The US Department of the Treasury’s Office of Foreign Assets Control (OFAC) issued an Executive Order (E.O.) 13818 blacklisting the Gupta brothers and Salim Essa from doing business in the US, and with US businesses, for their involvement in grand corruption in South Africa pursuant.
“The Gupta family leveraged its political connections to engage in widespread corruption and bribery, capture government contracts, and misappropriate state assets,” said Sigal Mandelker, the US Treasury’s Under Secretary for Terrorism and Financial Intelligence. Predictably, South African authorities have embraced the US position on the Guptas and their associates, even informing the public that they have issued requests for mutual legal assistance to other countries.
Interestingly on 10 December 2018, the 70th anniversary of the Universal Declaration of Human Rights, the European Ministers of Foreign Affairs unanimously approved the Dutch proposal for the EU-wide Magnitsky Act (the EU Global Human Rights Sanctions Regime). This and other developments will surely expedite responding to the mutual legal assistance requests by South African authorities.
The Gupta Executive Order builds upon and implements the Global Magnitsky Human Rights Accountability Act of 2016 [Pub. L. 114-328, Title XII]. The Global Magnitsky Act is a remodelled and expanded version of the 2012 Magnitsky Act, which applied exclusively to Russians. The 2012 Magnitsky Act was named after Mr Sergei Magnitsky, a tax lawyer for Hermitage Capital Management, who was allegedly killed by Russian authorities for his role in exposing corrupt activity in the form of a tax refund fraud scheme.
Should we, as South African citizens and residents, celebrate the US Executive Order against the Guptas and their associates; or should we be concerned that the sovereignty and political will of the South African government to act against corruption has been put into question? John Temin of Freedom House, an independent watchdog organisation that supports democratic change, applauded the US for taking the bold step of placing sanctions on South African State Capturers.
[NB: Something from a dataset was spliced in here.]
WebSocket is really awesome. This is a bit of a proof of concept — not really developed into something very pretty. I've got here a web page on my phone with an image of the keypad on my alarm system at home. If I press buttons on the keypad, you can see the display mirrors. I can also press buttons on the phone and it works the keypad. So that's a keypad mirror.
But some have branded the Gupta listing on the Magnitsky List as an embarrassment to President Ramaphosa; others questioned the timing and motives of the US. Responding to the US blacklisting the Guptas, for example, analyst Ebrahim Fakir stated, “It’s a shame and shameful that US authorities did this, hypocritically – considering their own corrupt president ought to be susceptible to this. South Africans shouldn’t be celebrating this. We should be rueing and regretting the fact that our own authorities are not doing this when it is them who should be. The Hawks, the NPA, the Asset Forfeiture Unit and so on.”
Perhaps one can say the Guptas’ Magnitsky listing is selective. It can be asked: What about Global companies such as Klynveld Peat Marwick Goerdeler (KPMG) and McKinsey & Company, and the British public relations group Bell Pottinger for working with the Guptas? As a matter of speculation, perhaps it was not going to be a good business move to touch KPMG, given its multinational professional services network, and its position as one of the Big Four accounting organisations, with Deloitte, Ernst & Young, and PricewaterhouseCoopers.
Those sceptical about the Gupta blacklisting may argue that McKinsey & Company survived being tainted by the Magnitsky blacklisting, obviously, because it is an American firm. Anyway, as it is colourfully known and named by New York Times, McKinsey is the “Godfather of management consulting” which happened to make a big mistake when it landed a contract in South Africa and found itself at the centre of a “swirling corruption scandal” involving the Guptas. This was in reference to McKinsey’s partnering with Trillian, controlled by the Guptas, to win a R1.6-billion ($120-million) contract with Eskom in 2016 (For more on McKinsey read here].
“We will continue to exclude from the US financial system those who profit from corruption,” Mandelker said.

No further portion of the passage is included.